DC’s Segregated Past

Interesting Sunday human interest piece from J. Freedom du Lac in the Post:

The old Holleywood tavern at Ninth and U streets NW, one of just eight bars in Washington listed as open to blacks in 1949, is now the indie-rock bar, DC9. Where the Brass Rail restaurant once served blacks who were excluded from most downtown eateries, there is now a day-care center for toddlers and infants. Green’s, a beauty parlor on 18th, south of U, is now a Peruvian restaurant.

Half a century after the edition of the Negro Motorist Green Book with those D.C. listings was published, playwright Calvin Alexander Ramsey stumbled upon the book, which was once a kind of Fodor’s Black America – a travel guide for African Americans road-tripping in an era of racial segregation.

The whole piece is interesting and worth reading, but it made me think primarily of the upcoming mayor’s race. DC was a Jim Crow city until quite recently and even after the Civil Rights Act passed the continuation of congressional control over the city was seen in that light—white people denying black people the right to govern themselves. The reality is that the new group of elites that took over in the mid-seventies didn’t do a very good job of running the city. But in the eyes of many, the efforts of the Williams and especially Fenty administrations to challenge that new elite’s privileges looks like an effort to reimpose white control over a city that was governed along white supremacist lines in the recent past.

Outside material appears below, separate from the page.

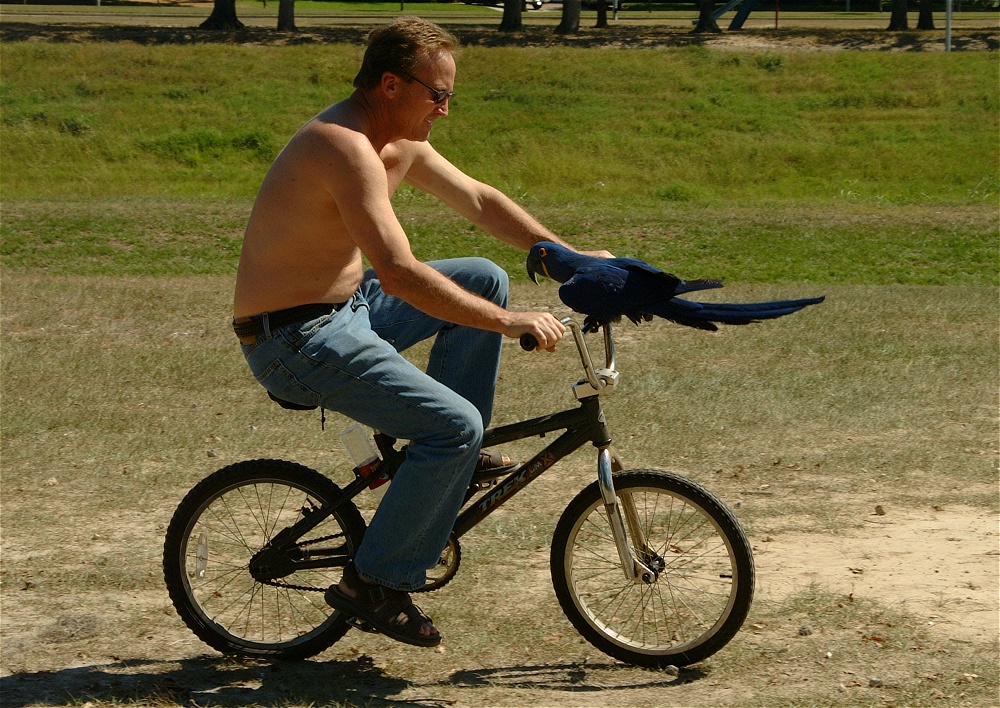 (64) Dscf0134.jpg   (1000x708)   374 Kb                                    Click to display next picture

I think this interpretation of events is basically nonsense but now that it’s taken hold I think no matter who wins the city’s going to be in for a tough ride going forward. We’re going to be hovering around the approximately fifty percent black level for a while in terms of the city’s demographics, which is just the right range for lots of people to start opportunistically casting whatever they’re upset about as a racial question.